This is the expected behavior.
The ShowDialog
method isn't supposed to throw the exceptions that it's events throw. What you're doing is also the wrong approach. Your override on OnClosing
should be safe and not throw any errors. When this isn't the case it's passed off as an UnhandledException.
You can catch the exception, but you should do it in your OnClosing
handler.
protected override void OnClosing(CancelEventArgs e)
{
base.OnClosing(e);
try {
throw new Exception("lets catch this");
}
catch (Exception e) {
// Do something with e
}
}
The code responsible for this behavior stripped down looks like:
try
{
FormClosingEventArgs e1 = new FormClosingEventArgs(this.closeReason, false);
this.OnClosing((CancelEventArgs) e1);
this.OnFormClosing(e1);
}
catch (Exception ex)
{
Application.OnThreadException(ex);
}
A solution to your problem could be something like this:
public partial class Form2 : Form
{
// I'm using the event here, but if this class in turn is a base for another class, you might as well override the method. (Event will still work, since events allow multiple handlers when using the default event handlers.)

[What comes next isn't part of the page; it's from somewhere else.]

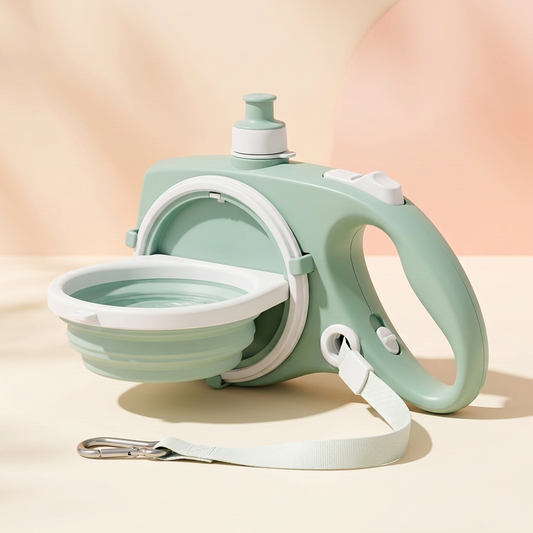 2-in-1 Retractable Dog Leash with Water Bottle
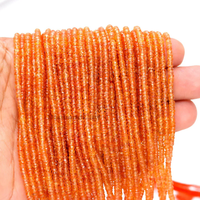 Perles facettées en diamant Padparadscha naturel AAA, rondelles 2,5-3 mm, brin de 16 pouces, rose-orange, vente en gros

private void Form2_FormClosing(object sender, FormClosingEventArgs e)
{
try
{
// Action that might throw an exception
throw new Exception("Some exception");
}
catch (Exception ex)
{
OnClosingException = ex;
}
}
public Exception OnClosingException { get; protected set; }
}
// When calling
var f = new Form2();
f.ShowDialog();
if (f.OnClosingException != null) // Re-throw the exception wrapped in another exception that describes the problem best
throw new InvalidOperationException("Some message", f.OnClosingException); // Might not always be InvalidOperationException
// Instead of re-throwing you can also just handle the exception
If this is something you're planning on using in a lot of scenario's you might want to make an interface for this to wrap it all up in a nice structured way. For a one time scenario I wouldn't bother.